Flicker Shad's are one of the best crankbaits out there for walleye/saugeye. Cast or trolled, they flat out catch fish.


----------



## fishinfool36

Can you use them with spinning gear or are any crankbaits for that matter better with baitcasters?


----------



## All Eyes

fishinfool36 said:


> Can you use them with spinning gear or are any crankbaits for that matter better with baitcasters?


Spinning gear works just fine for casting crankbaits. It's just preference and what you are more comfortable using.


----------



## saugmon

Flickershads saved my butt the last 2 trolling seasons. Check my stats in my signature,and flickershads took 95+% of those fish. Plus I tossed back 700+ eye dinks,150+ channelcat dinks,and lots of crappie dinks. They catch fish but don't discriminate between the big fish and the dinks, LOL!!

The hard part is color. Last year,6cm chrome clown tore em up.Then at times purple tiger,blue tiger,slick purple candy,circus star,and chahuahua. This year,the exclusive colors is about the only ones catching in the 5 cm size with the exception of pink lemonade. Cabelas exclusive Tenn Shad worked good early,then pink lemonade.Then the eyes switch to the mills fleet farm exclusive colors of party perch and black lime bully.Mills has some killer 3 pk sales from time to time:

http://www.fleetfarm.com/search/?q=...Many=12&sortOrder=&startIndex=1&currentPage=1


----------



## All Eyes

Another color that has worked well for me is Disco Perch. I'm not sure if they still make them or not. If I had to choose 5 or 6 Flicker Shads, it would be on that list. Others are chrome clown, purple tiger, and the natural colors like Tenn shad. As Saugmon suggested, the 3 packs from Fleet Farm are hard to beat for the price.


----------



## saugmon

Disco perch is a scheels exclusive color. I'm still waiting for them to get them in stock. They had 3 good looking perch color exclusives that I'd love to get a hold of.

http://www.scheels.com/shop/en/scheels-catalog/berkley-flicker-shad-lure-8950-ffsh5m-e3

You could say I have a flickershad addiction!!!


----------



## Shortdrift

Flicker Shad's can also be modified in color using Sharpie Pens.
I learned this from from Jim Stedke a couple years ago and have modified a number of crankbaits as well as Flukes which are also deadly on saugeyes when fished on light jigs.
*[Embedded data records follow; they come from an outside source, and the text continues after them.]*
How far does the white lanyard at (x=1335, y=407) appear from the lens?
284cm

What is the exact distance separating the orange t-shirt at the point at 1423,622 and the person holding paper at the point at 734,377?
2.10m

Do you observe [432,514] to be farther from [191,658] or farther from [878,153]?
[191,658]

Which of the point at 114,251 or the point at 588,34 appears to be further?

If I thought I could do the air brush work as others do, I would definitely invest in one.


----------



## All Eyes

saugmon said:


> Disco perch is a scheels exclusive color. I'm still waiting for them to get them in stock. They had 3 good looking perch color exclusives that I'd love to get a hold of.
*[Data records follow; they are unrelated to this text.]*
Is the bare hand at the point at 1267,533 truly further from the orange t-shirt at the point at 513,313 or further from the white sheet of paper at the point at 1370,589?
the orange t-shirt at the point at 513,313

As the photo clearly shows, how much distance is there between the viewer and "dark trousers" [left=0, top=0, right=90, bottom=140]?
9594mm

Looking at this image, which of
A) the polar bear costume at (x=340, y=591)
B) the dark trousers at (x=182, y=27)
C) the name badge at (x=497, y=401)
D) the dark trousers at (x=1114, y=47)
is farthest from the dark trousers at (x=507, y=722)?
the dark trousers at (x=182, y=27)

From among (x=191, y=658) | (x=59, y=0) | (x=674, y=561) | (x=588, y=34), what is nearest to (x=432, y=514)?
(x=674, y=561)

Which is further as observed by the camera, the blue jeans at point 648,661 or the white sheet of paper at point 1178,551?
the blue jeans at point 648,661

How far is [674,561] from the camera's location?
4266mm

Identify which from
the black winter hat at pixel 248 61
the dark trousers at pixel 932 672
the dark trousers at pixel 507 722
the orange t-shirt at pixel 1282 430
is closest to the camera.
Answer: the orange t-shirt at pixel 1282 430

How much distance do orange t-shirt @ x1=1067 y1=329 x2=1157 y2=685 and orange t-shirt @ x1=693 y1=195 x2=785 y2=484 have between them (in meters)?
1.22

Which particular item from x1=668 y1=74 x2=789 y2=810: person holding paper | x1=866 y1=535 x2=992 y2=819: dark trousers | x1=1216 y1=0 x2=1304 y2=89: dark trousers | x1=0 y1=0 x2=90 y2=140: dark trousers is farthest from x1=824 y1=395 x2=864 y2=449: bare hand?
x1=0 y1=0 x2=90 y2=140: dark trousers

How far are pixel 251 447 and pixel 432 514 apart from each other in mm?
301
Forgot where I got them, thanks! The perch 3 packs they have are great. I ordered a few of them last year when they came out. "Hollywood" is another color I like for muddy water.


----------



## fishinfool36

Just want to say thanks to everyone for the advice. I'm looking at the different colors that's been talked about and deciding on several to buy.


----------



## blackbeatty

Read this post and went and bought 3 Flicker Shads. Hadn't caught anything all day and tied one on then Bam, i'm now a believer!


----------



## All Eyes

Nice job. I usually pick up a few channel cats while trolling Flicker Shads for eyes. Especially this time of year.


----------



## Dovans

One problem I have with Flicker shads, are they go out of tune pretty easy.


----------



## All Eyes

Dovans, do you use a duo lock snap or tie them straight to the split ring? I've had to tune them before but not that often. They can get out of whack if they get hung up, but generally I find them to run pretty true.


----------



## Dovans

All Eyes said:


> Dovans, do you use a duo lock snap or tie them straight to the split ring? I've had to tune them before but not that often. They can get out of whack if they get hung up, but generally I find them to run pretty true.
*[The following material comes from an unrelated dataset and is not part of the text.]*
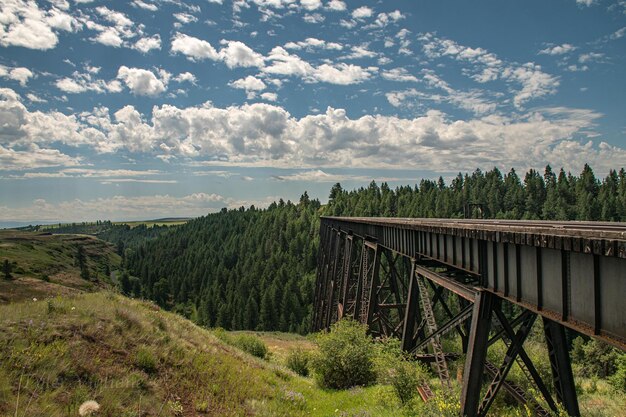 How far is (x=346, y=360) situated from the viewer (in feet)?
52.0

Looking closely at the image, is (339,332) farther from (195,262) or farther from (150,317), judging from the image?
(195,262)

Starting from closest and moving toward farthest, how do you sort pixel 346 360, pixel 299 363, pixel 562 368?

straight to the ring. I've thought about using a duo lock snap though.


----------



## saugmon

This years batches get knocked out of tune quickly. Out of my last 3 pk of black lime bully,2 of them badly out of tune out of the package.Seems like after getting the final adjustment,then they don't catch many until I slap on a new one.

Just in today!!! My Precious party perch,disco perch,and some crusherss!!!!!!! Sheels ships twice as fast than mills!!! Disco perch is in stock at Sheels!! Party perch in stock at Mills!!!


----------



## Cajunsaugeye

I split my time at piedmont this weekend pulling 7cm flickershads and harnesses.All the flickers caught were dinks(10" and less).caught none under 13" on harnesses.Had em banging bottom up to 17ft deep.They get down there.I just don't understand why nothing over 10" would hit them.Weird.


----------



## saugmon

17' depth cajun? I can't even fathom deeper than 7' LOL!! Trolling 6'-6.5' water makes me a happy camper with the 5 cms!!!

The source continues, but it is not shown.